“This is the really hard part, and then it gets better, and then it gets hard again.”
Ralph Waldo Emerson said, ‘Life is a journey, not a destination”. It’s an old adage that has become unquestionable truth. We’re born, we live, we die. Every day live we breathe, sleep and eat, constantly working towards the next thing – the next deadline,event or moment – losing our precious time as we countdown, each grain imperceptibly falling until clumped together and we’ve run out. Gone. It’s a concept that doesn’t always work in cinema.
Don’t we go to the movies to waste that time, to voyeuristically watch/participate in someone else’s time? We want to witness their falls and triumphs from a safe distance, partake in the climactic moments of their time, then leave them. The hero’s journey is the greatest and most recognisable narrative arc there is, formulating the backbone of storytelling since in memoriam. It entertains and imposes messages, yet doesn’t quite reflect human existence. Life is not a succession of aimless & empty waiting for a call to arms, then a bright shining moment with an indisputable end. It’s a series of moments, often good, often bad, that make us who we are. It’s not the big moments who make up our time and who we are – it’s the small ones. It’s the conversations and the people who shape the meaning of our time.
That’s why ’20th Century Women’ is so extraordinarily beautiful, and serves as a rather oddly delightful double-bill to ‘Toni Erdmann’ (click here for my review). Although very different films they share the exploration of happiness and meaning. They feature characters with clear flaws who remain phenomenal people; people you truly care about and wish you could be friends with. Bening is wonderful as the mother who feels that her teenage son is breaking away from her. She does so much with her all-too-rare leading role, creating a fully-formed character who seems to real. Zumann’s wonderfully bemused as the teen going through it all in 1979. Fanning yet again proving her skill as encapturing insight into what it means to be a young woman. Crudup understated in a solid yet engrossing supporting role. Gerwig astounding as the punk torn between two generations, managing to showcase so much pain and emotion with every facial expression.

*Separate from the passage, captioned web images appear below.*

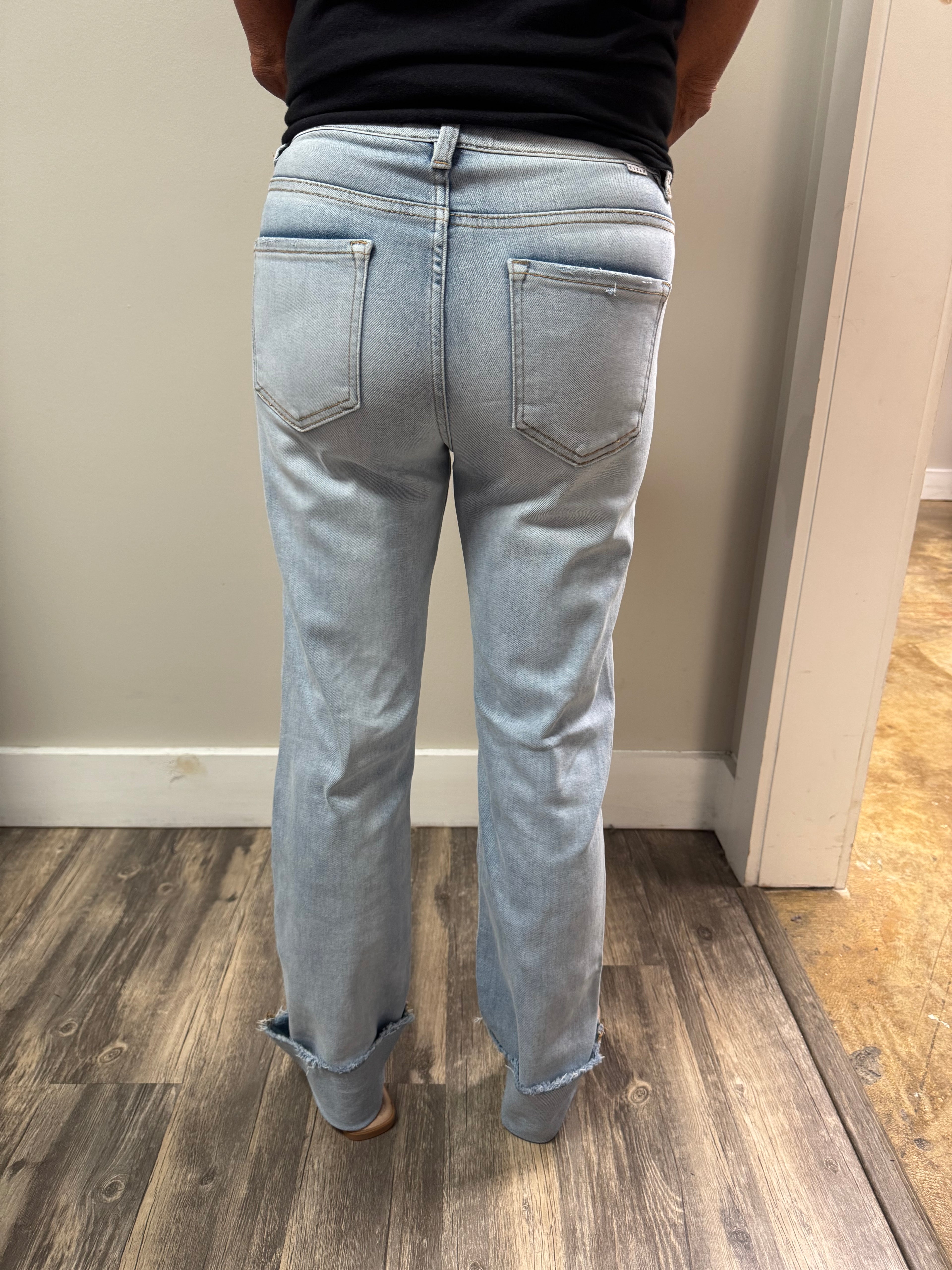HR Straight Cuffed Relaxed Jeans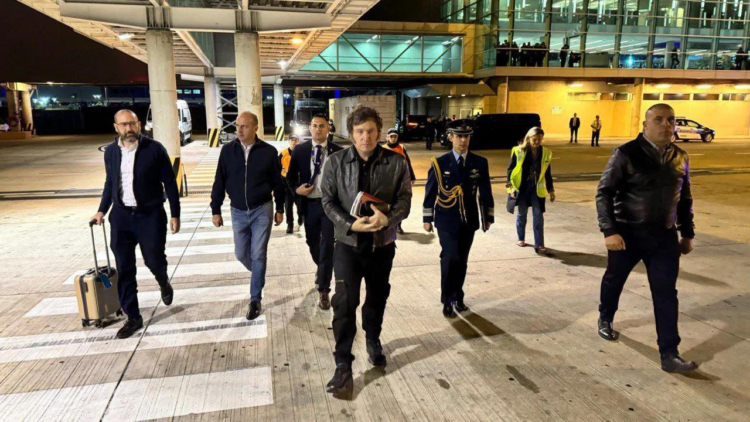 Javier Milei encara una nueva gira por Estados Unidos para fortalecer vínculos corporativos y recibir distinciones del sector privado.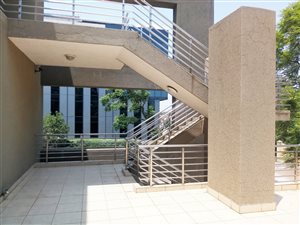 350 m² Commercial space in Illovo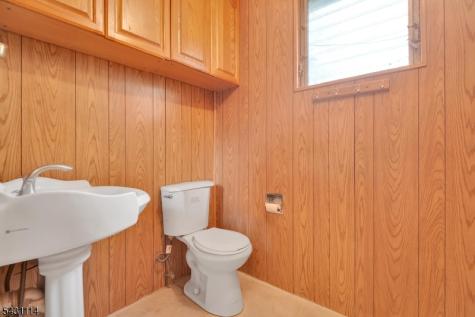 8 Cornell Way Hopatcong NJ 07843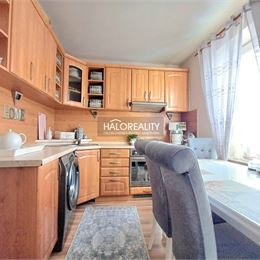 Predaj, dvojizbový byt Handlová, 29. augusta - EXKLUZÍVNE HALO REALITY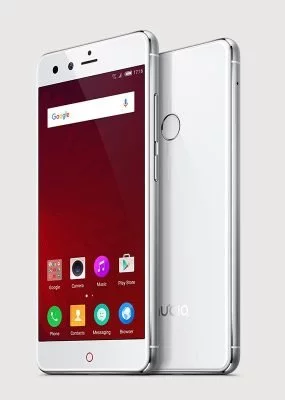 Auch in Weiß macht das Nubia Z11 Mini eine sehr gute Figur.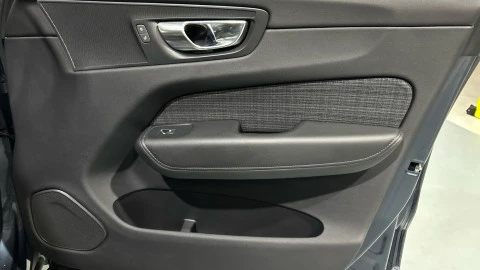 Volvo XC60 2.0 B5 G AWD Core Auto
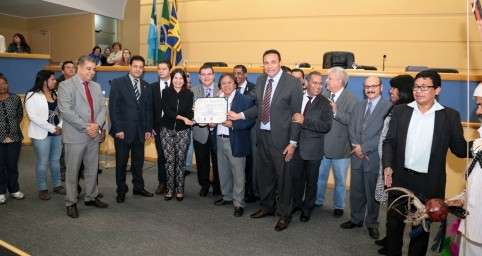 L&iacute;der Terena divulga jogos urbanos ind&iacute;genas e  recebe comenda
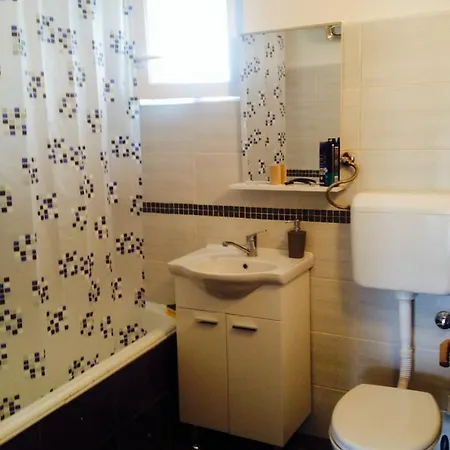 Apartman Vukojevic 公寓 *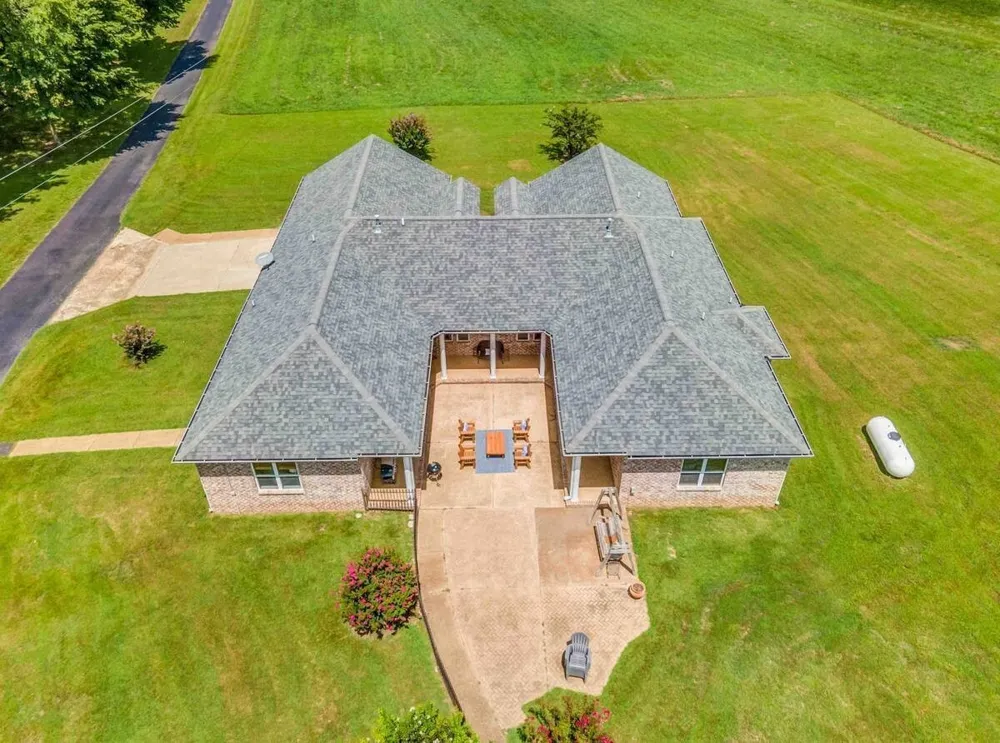 1215 Beaver Creek Dr Mason, TN 38049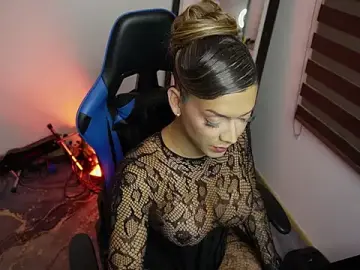 Stripchat Free Porn Cam of tay_ler3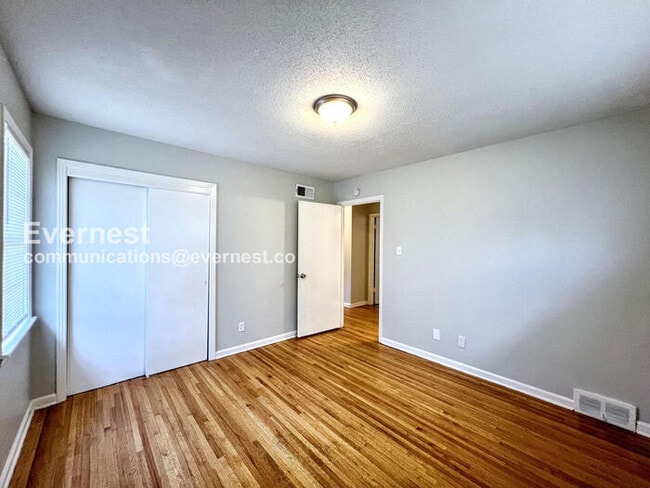 Building Photo - 3-Bedroom Home with Fenced Yard & Carport / Pet-Friendly / Coming Soon!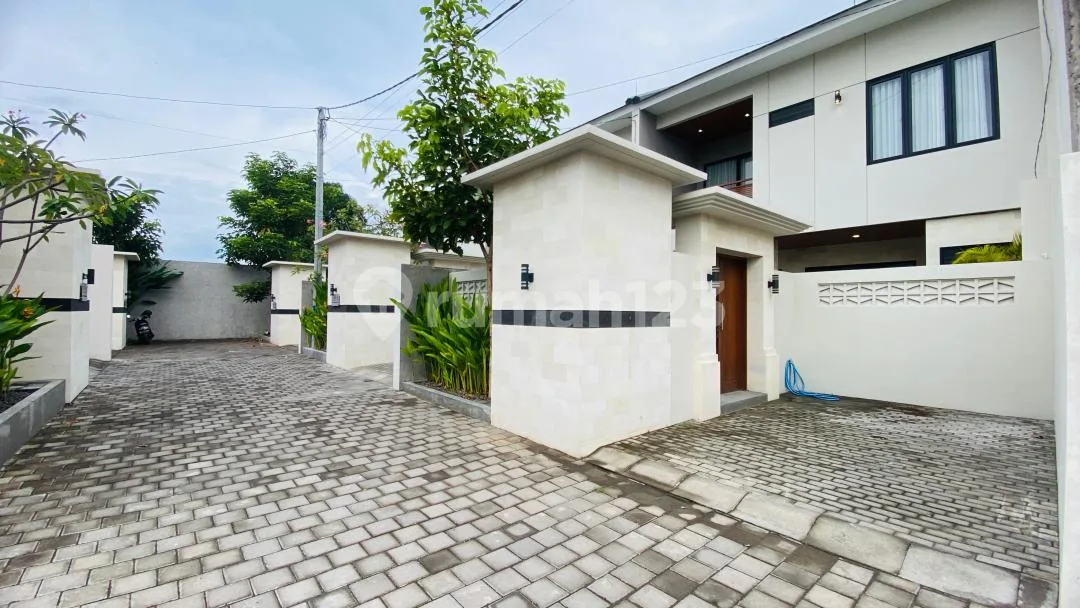 Villa Baru Area Sanur Full Furnish IW - Image 1 of 4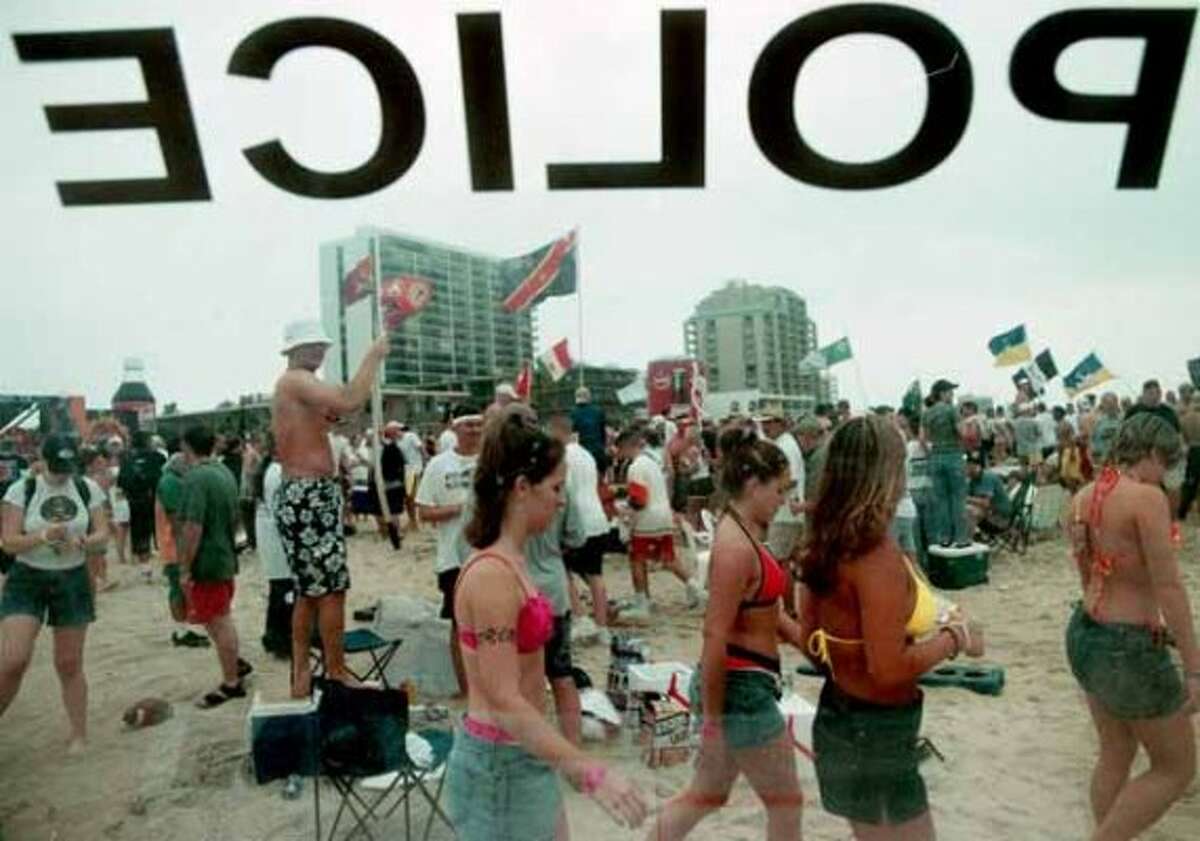 Galveston preparing for big spring break crowds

The film doesn’t follow a linear, three-act structure. It doesn’t need to. Instead it takes more of a scrapbook, a series of vignettes and moments, approach. It works beautifully in encapturing the sense of mood – this is the time when The American Dream reached adolescence and realised growing up ain’t all it’s cracked up to be. The soundtrack is skillfully chosen to accentuate this sense of listless confusion, inner confliction and confrontational change. Few films allow the viewer to get under the character’s skin so deeply and portray them with such tenderness. The film epitomises a community’s crisis of confidence, a desperate need to find meaning and to make the most of time. Incredible that a film set so articulately in 1979 could find truest need and meaning in 2017.
‘20th Century Women’ opened in UK cinemas on 10th Feb.